NEW YORK: Front-month US natural gas futures pulled back from early highs but still managed to eke out a small gain on Thursday, underpinned by a smaller-than-expected weekly inventory build that was well under the historical average for that period.
It was the first gain for the front month in four sessions.
Data from the US Energy Information Administration showed total domestic gas inventories rose last week by 30 billion cubic feet to 1.734 trillion cubic feet. That was below the Reuters poll estimate of 32 bcf and well below the five-year average increase for that week of 50 bcf.
"The (EIA build) number was slightly bullish - it missed expectations by 2 bcf and it was below the seasonal average - but people are looking forward to storage injections in early May when we should see much bigger builds as temperatures moderate," said Gelber & Associates analyst Aaron Calder.
Front-month May gas futures on the New York Mercantile Exchange, which expire on Friday, shot up 8.5 cents, or 2 percent, to $4.251 per million British thermal units right after release of the EIA data at 10:30 a.m. EDT (1430 GMT). But the front contract ended the session up just 0.1 cent at $4.167.
Cold late-winter weather, a chilly spring and above-average nuclear plant outages put a huge dent in record gas inventories and helped drive prices up 40 percent since mid-February.
But despite lingering cold this week and prospects for another light storage build in next week's report, some said the upside for gas futures seemed to be stalling after nine straight weeks of gains, particularly with milder weather on the horizon.
The front contract, which hit a 21-month high of $4.429 late last week, had lost 5.5 percent in the previous three sessions, breaking and closing below trendline support on Wednesday.

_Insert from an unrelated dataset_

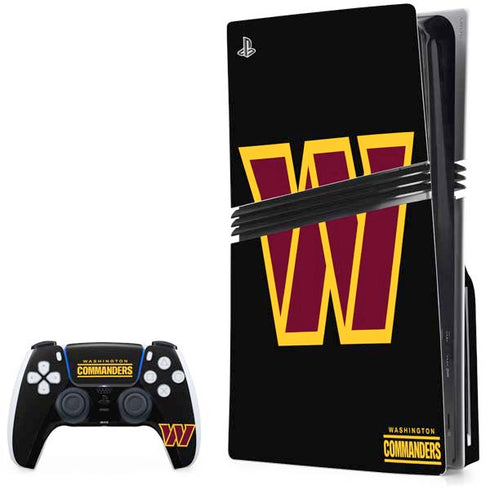 NFL Washington Commanders Black Background PS5 Pro Disk Bundle Skin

Chart traders said the break down could be a bearish sign and set up a test of better support in the $4.12-4.13 area, the 20-day moving average and the 23.6 Fibonacci retracement of the move up from the $3.125 February low to last week's peak.

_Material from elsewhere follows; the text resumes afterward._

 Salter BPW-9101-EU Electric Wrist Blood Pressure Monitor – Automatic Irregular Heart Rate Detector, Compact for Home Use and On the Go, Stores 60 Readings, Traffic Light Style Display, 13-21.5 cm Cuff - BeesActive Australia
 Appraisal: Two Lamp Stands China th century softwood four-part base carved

Matt Smith, commodity analyst at Schneider Electric, pegged major support in the $3.93 area, which is the 38.2 Fibonacci measurement and the front-month high in 2012.
Some said a close below that level could herald the end of the bull market, at least until hotter weather kicks up air conditioning loads.

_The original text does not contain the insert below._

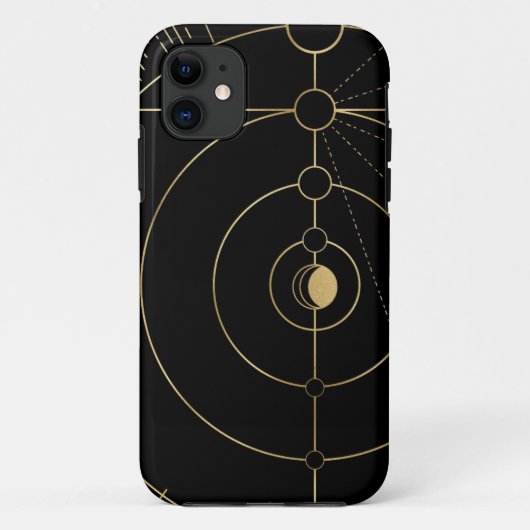 金ゴールドブラックコンパス月面相 Case-Mate iPhoneケース (裏面)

Forecaster Commodity Weather Group expects temperatures in the central US and Southeast to cool to below normal next week, then moderate to mostly seasonal levels in the 11- to 15-day time frame that should again slow demand.
ANOTHER LIGHT INVENTORY BUILD
This week's storage injection was only the second of the stock building season, which started about three weeks later than expected due to an unusually cold spring.
The weekly build widened the deficit relative to last year by 13 bcf to 807 bcf, or 32 percent below last year's record highs at that time. It also increased the shortfall versus the five-year average by 20 bcf, leaving stocks at 94 bcf, or 5 percent, below that benchmark.